Everything in the records except the pictures should come back exactly as written.

RECORDED INFORMATION below:

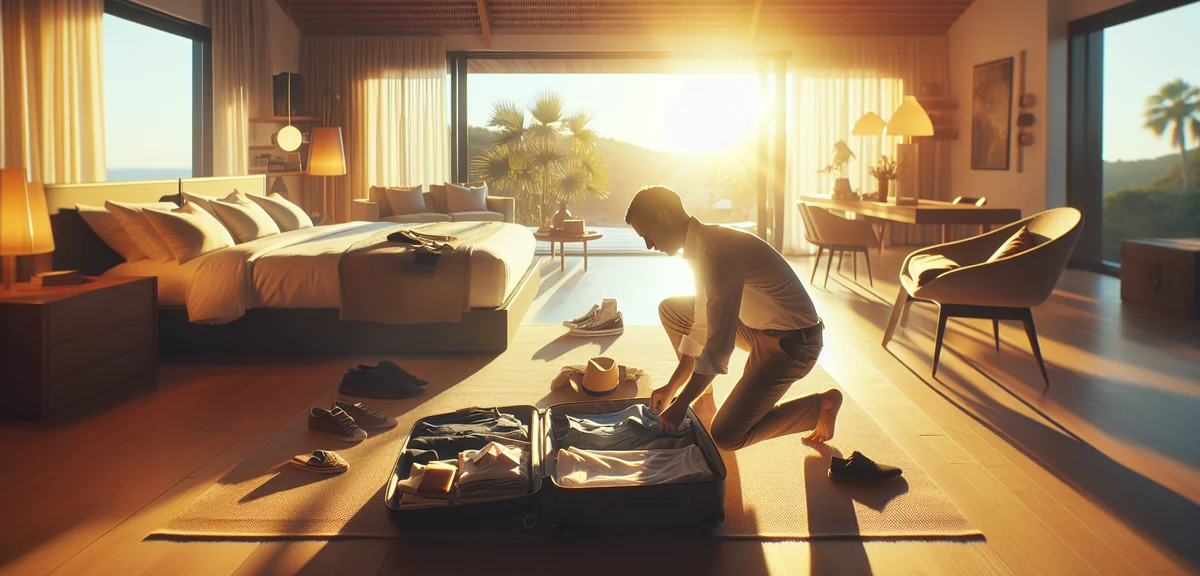 旅行用の衣類をスーツケースに効率よく詰めている様子、明るい部屋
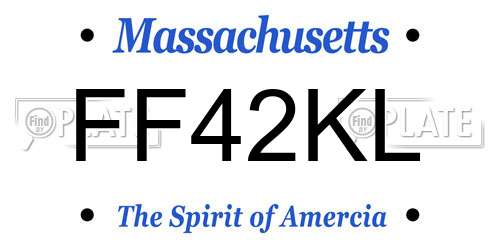 FF42KL Massachusetts License Plate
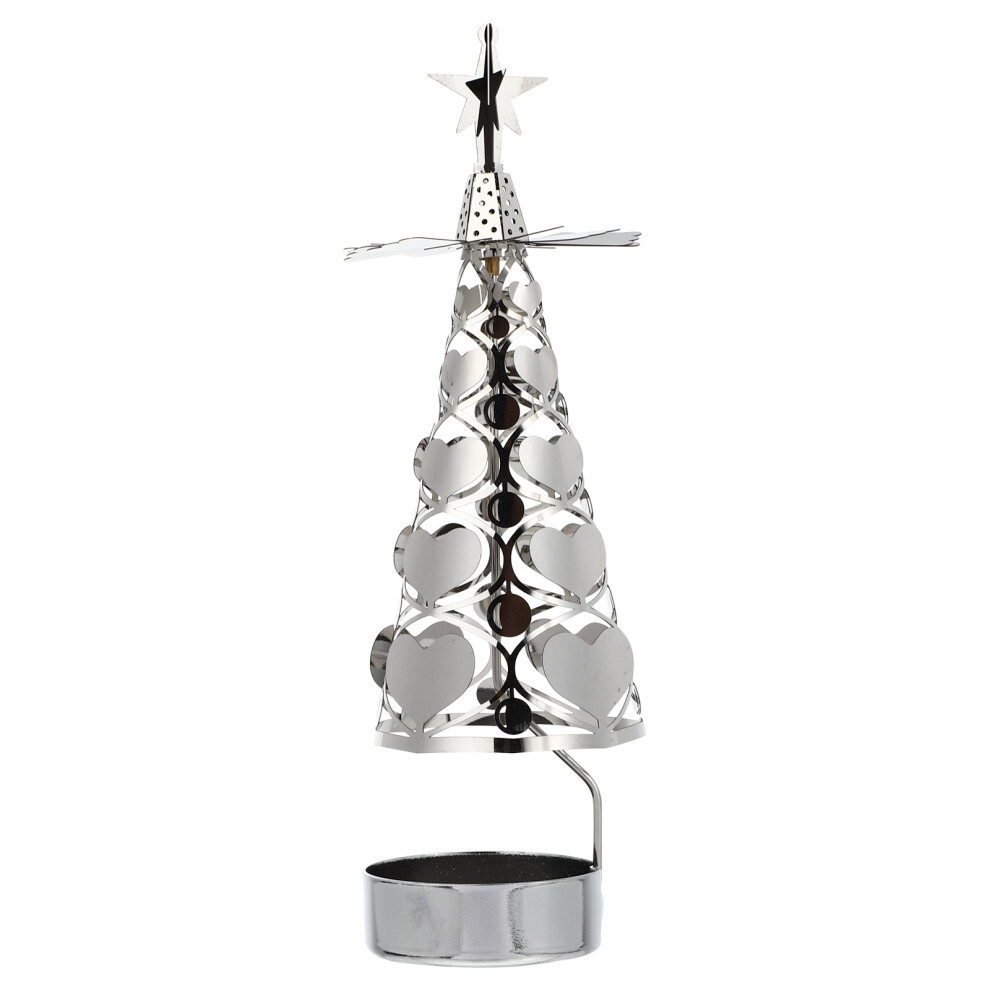 2 Pcs Xmas Tree Shape Rotatable Candle Holder Silver-image-OPC-PKYXTSC-NEW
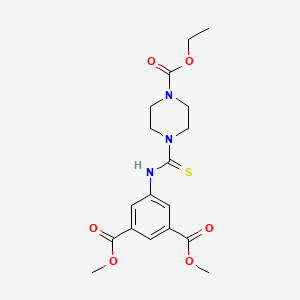 molecular formula C18H23N3O6S B4140570 dimethyl 5-({[4-(ethoxycarbonyl)-1-piperazinyl]carbonothioyl}amino)isophthalate 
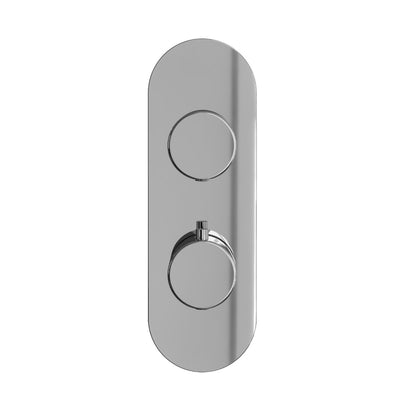 Fairford Element Chrome Round Concealed Twin Shower Valve with Diverter, 2 Outlet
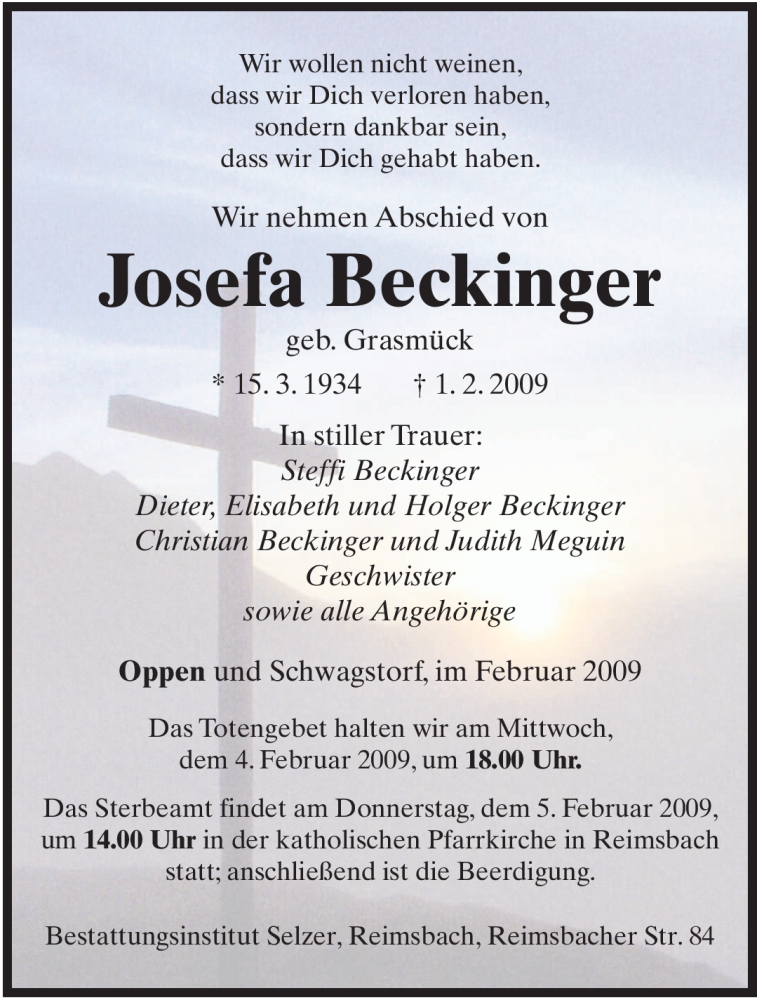  Traueranzeige für Josefa Beckinger vom 03.02.2009 aus SAARBRÜCKER ZEITUNG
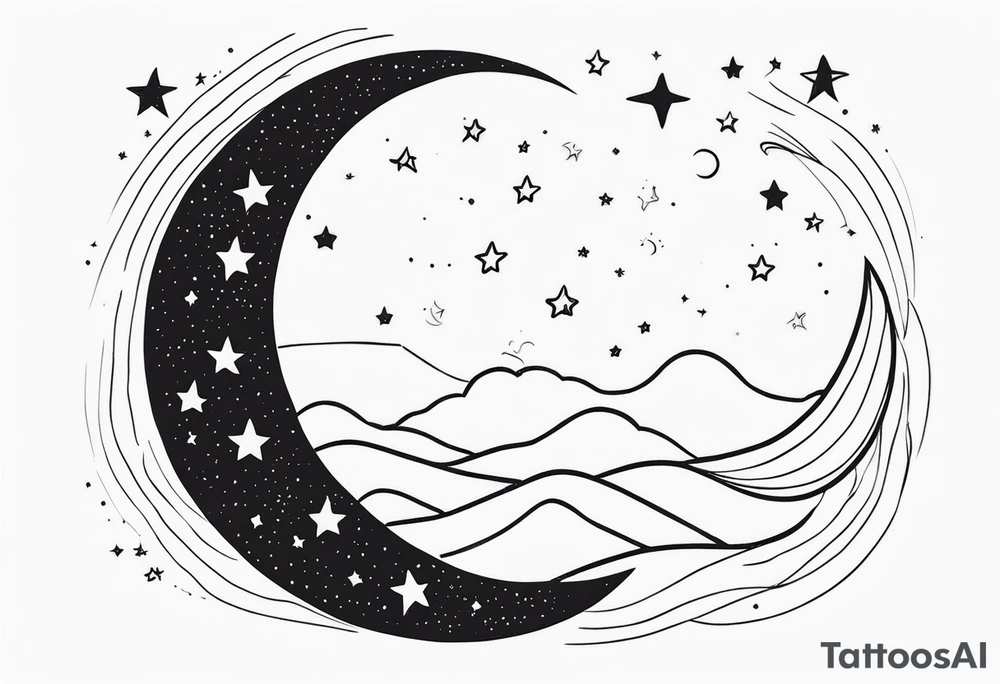 Moon and stars in line work tattoo idea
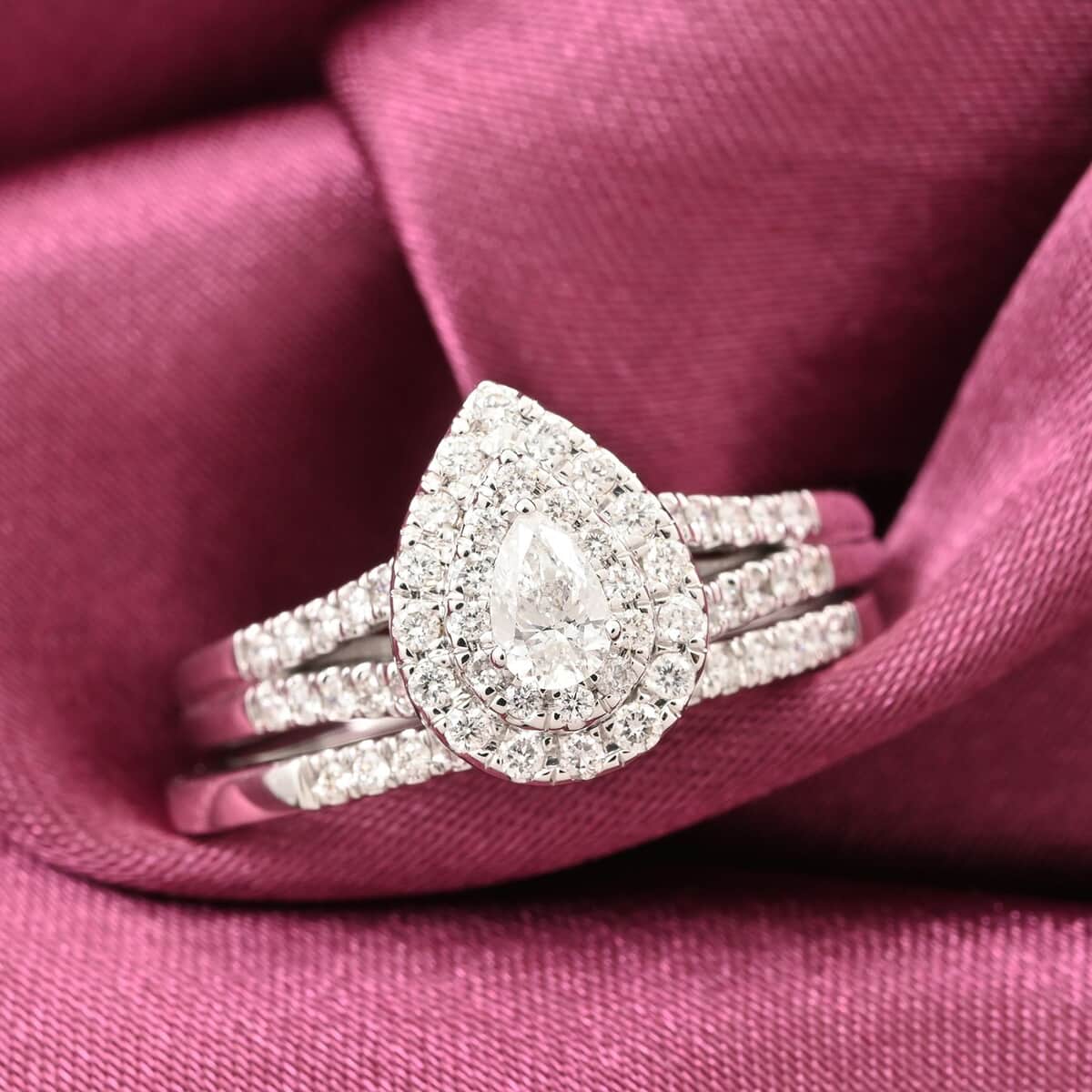 14K White Gold G-H SI1-SI2 Diamond Bridal Ring Set (Size 7.0) 4.65 Grams 0.60 ctw image number 1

End of RECORDED INFORMATION.

- **RESULT**
 旅行用の衣類をスーツケースに効率よく詰めている様子、明るい部屋
 FF42KL Massachusetts License Plate
 2 Pcs Xmas Tree Shape Rotatable Candle Holder Silver-image-OPC-PKYXTSC-NEW
 molecular formula C18H23N3O6S B4140570 dimethyl 5-({[4-(ethoxycarbonyl)-1-piperazinyl]carbonothioyl}amino)isophthalate 
 Fairford Element Chrome Round Concealed Twin Shower Valve with Diverter, 2 Outlet
  Traueranzeige für Josefa Beckinger vom 03.02.2009 aus SAARBRÜCKER ZEITUNG
 Moon and stars in line work tattoo idea
 14K White Gold G-H SI1-SI2 Diamond Bridal Ring Set (Size 7.0) 4.65 Grams 0.60 ctw image number 1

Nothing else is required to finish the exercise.